The fact that crossed my mind (and still is – I haven’t said “yes” yet even as I write this) is telling to me. Legion was awesome (except for the mid gear reset). Battle For Azeroth has taken storytelling to the next level for WoW. That is great. The first time through. The thought of levelling with alts through the same content is kind of putting me off right now. How did I get here?
I finally hit 120 on my Druid. While the story was good, Guardian Druids are in a most boring playstyle place – especially coming from Legion. The scaling issues and fact they are trying to tanks more like tanks meant that I could kill 10 mobs at a time, but it just took a long time. The story was great. Slogging through mindless mobs to continue the story wasn’t.
My Horde Paladin is all new content, however, so that is promising. She is only level 113 now but it is “fresh and new” – the tanking playstyle is much more fun on a Paladin but still the same M.O. Gather as many as possible, kill all slowly. Although, to be fair, it feels like the Paladin kills things way faster.
I’m already back in my Legion style “maintenance” mode. I log in, do the daily emissary quest on my max level character, and then log them off. I have a full quest log that I’m not even sure if I get rep from, so should I even bother finishing? The rep grinds to do anything else in game are real, but I am not going to bang out all the World Quests I can find to do so (especially now that they add more several times per day – you can literally play 24/7 now, just to move a bar.) It could be a shame that in an expansion that did a great job on story that it feels like WoW is a never ending to-do list meant to trap the completionist side of everyone. Maybe it was always that way.
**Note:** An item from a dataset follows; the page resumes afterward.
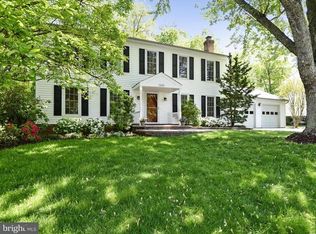 5319 Hampton Forest Way, Fairfax, VA 22030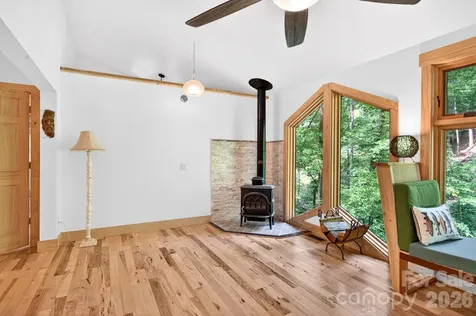 378 Dobson View Drive Nebo NC 28761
I am pretty sure I will stay in to finish the Horde Story Line. Come to think of it, I think I am missing part of the Alliance story line too – don’t think I have rescued Jaina. Confused why that’s not front and centre…
After that, who knows. Do I “suck it up” and level an alt? Throw myself into LFR raiding? Professions are poorly done this expansion and not worth doing and all I can think of is huh, this might be a short one for me until more is put in. I might try something crazy like just levelling through dungeons with DPS classes and grinding out mats for free time – the ZEN style of it all, but right now I just don’t know of my future with BFA. Weird because of how excited I was to get to level cap, and be thoroughly disappointing that the destination doesn’t feel like it did the journey justice.
Update: I did resubscribe. I will at least finish off daily emmisaries on my Druid as I work (ugh, I said work) to complete the Horde story line.